Most of the explicit commands given throughout this tutorial assume a sh-like shell (bash, zsh, ksh etc). There are given in the form
% ls -l
If you are using tcsh (or csh), please adapt the examples accordingly in case there is a sntax difference.
~/GlobalPhasing/data/autoPROC/1o22_peak_images.tar.bz2
Distance: 200.0 BeamCenter X: 105.01 BeamCenter Y: 105.00 PhiDelta: 1.00 PhiStart: 90.00 FrameNumber start: 1 FrameNumber end: 90
Ideally one should run this tutorial in an empty directory, e.g. with
% mkdir -p ~/1o22 % cd ~/1o22
Then we want to copy the images over, which can be done with
% tar -xjvf /where/ever/1o22_peak_images.tar.bz2
Note: jobs will run faster if the images are located on a local disk. Often, a users HOME directory is a network filesystem - so this might not be a good location (not only sloing this autoPROC job down, but also everyone else that is using that same disk). If there is a large local disk available (e.g. /scratch or /tmp), we would recommend unpacking the files into a directory on that local filesystem. One can check the available size e.g. with
% df -h /tmp % df -h /scratch
Once we have the images, we can have a closer look at some basic information about them. For that we have the tool imginfo that reads the header information and produces a consistent output format for those items:
% imginfo *001.img
which returns
################# File = tm0875_8p44_1_E1_001.img >>> Image format detected as ADSC ===== Header information: date = 13 Oct 2002 18:47:43 exposure time [seconds] = 45.000 distance [mm] = 200.000 wavelength [A] = 0.977800 Phi-angle (start, end) [degree] = 90.000 91.000 Oscillation-angle in Phi [degree] = 1.000 Omega-angle [degree] = 0.000 2-Theta angle [degree] = 0.000 Pixel size in X [mm] = 0.102400 Pixel size in Y [mm] = 0.102400 Number of pixels in X = 2048 Number of pixels in Y = 2048 Beam centre in X [mm] = 104.900 Beam centre in X [pixel] = 1024.414 Beam centre in Y [mm] = 104.800 Beam centre in Y [pixel] = 1023.438 Overload value = 65535
We can see that the beam centre is recorded as exactly the mid-point of the image: this is slightly unusual, unless the detector is extremely well aligned on the beamline.
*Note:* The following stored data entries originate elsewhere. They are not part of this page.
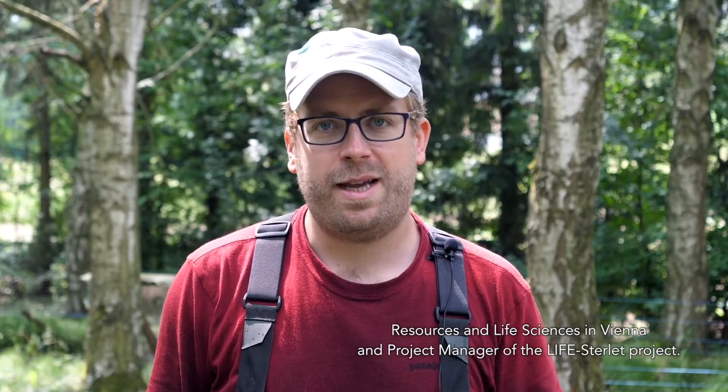I'm Thomas Friedrich, fisheries biologist at the University of Natural Resources and Life Sciences in Vienna and project manager of the LifeStyleIt project.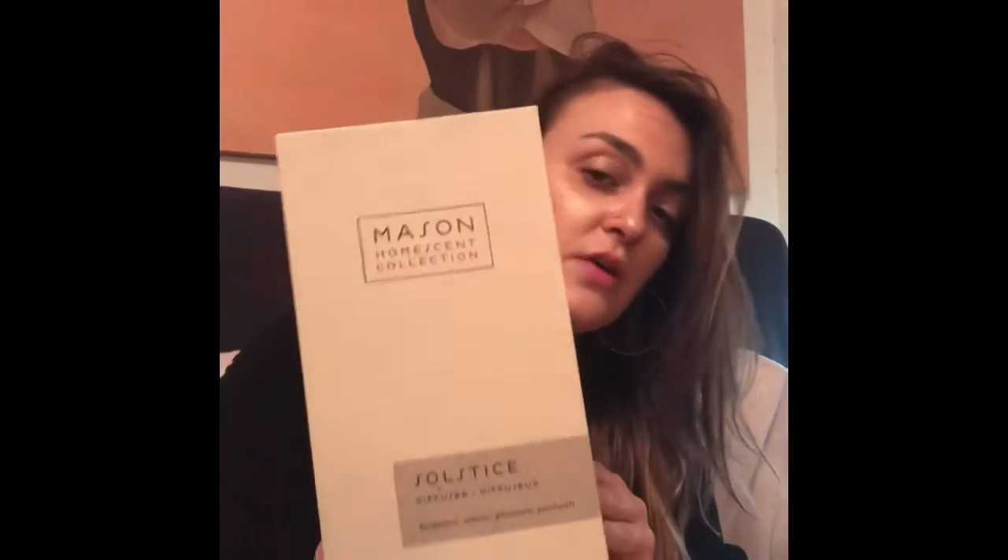One of the items is the Pottery Barn Mason Home Scent Collection in Solstice Diffuser. I'm not going to take this out of the box for now, but I will probably show a picture later of what it would look like set up.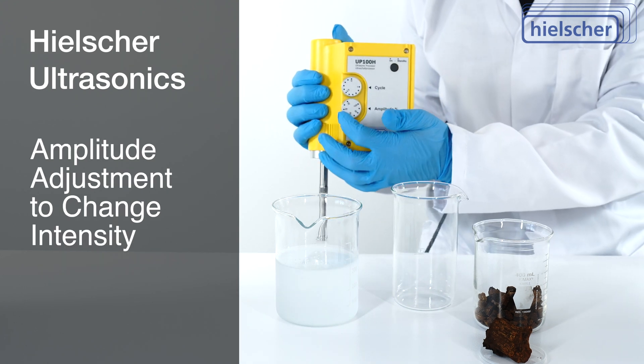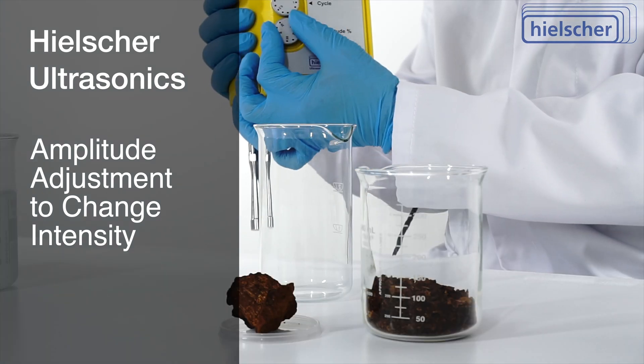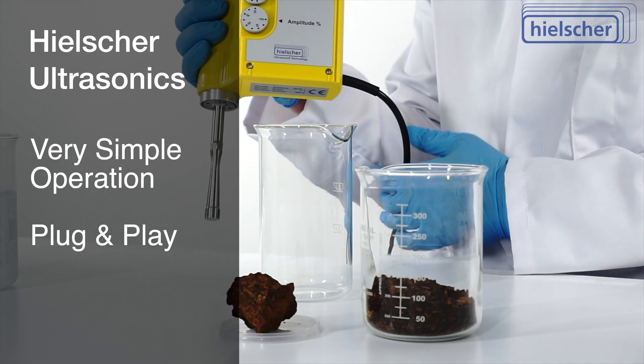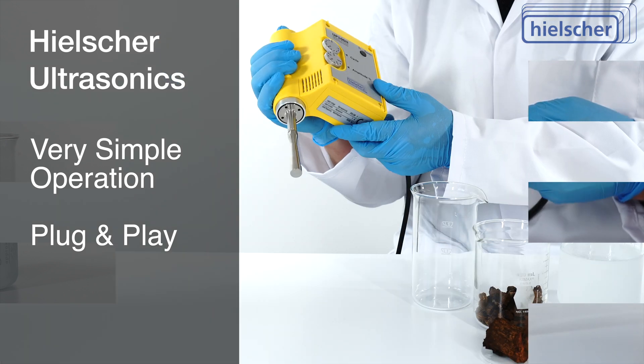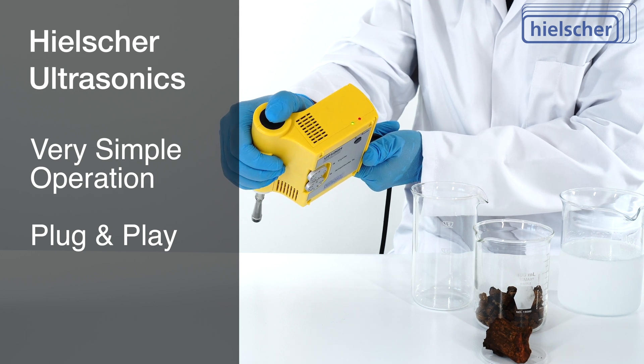You can adjust the intensity using the amplitude dial. We will use 100% intensity for this extraction demonstration. The power cord plugs into any standard wall outlet. All you need to do is push the top black button to start the sonication.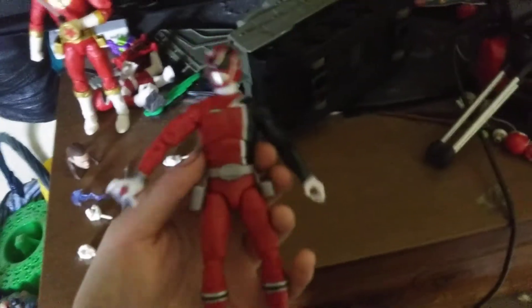And the figure itself — honestly, it's decent.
To get a detailed record of the sequence of data-collection we need to use the timestamp in the image header (the timestamp on the file could easily be messed up through copying):
% imginfo -v *.img | awk '/File/{f=$NF}/date/{print f,$0}'
which returns the list of images with their creation time:
tm0875_8p44_1_E1_001.img date = 13 Oct 2002 18:47:43 tm0875_8p44_1_E1_002.img date = 13 Oct 2002 18:48:36 ... tm0875_8p44_1_E1_015.img date = 13 Oct 2002 19:00:08 tm0875_8p44_1_E1_016.img date = 13 Oct 2002 19:27:40 tm0875_8p44_1_E1_030.img date = 13 Oct 2002 19:40:05 ... tm0875_8p44_1_E1_031.img date = 13 Oct 2002 20:07:33
Each image took about 50 sec to collect and after each block of 15 images there is a larger time-gap: this is because of the interleaved wavelength collection protocol.
Running
% imginfo -v *.img | awk '/File/{f=$NF}/Epoch/{print f,$NF}' | sort -n -k 2
will return the list of image sorted by time (epoch, i.e. seconds since 01.01.1970). A slightly shortened output looks like this:
tm0875_8p44_1_E1_001.img 1034534863 tm0875_8p44_1_E1_002.img 1034534916 ... tm0875_8p44_1_E1_015.img 1034535608 tm0875_8p44_1_E1_016.img 1034537260 ... tm0875_8p44_1_E1_030.img 1034538005 tm0875_8p44_1_E1_031.img 1034539653
If all images (for the three scans) were present in the current directory, this would show nicely the collection pattern for an interleaved wavelength scan.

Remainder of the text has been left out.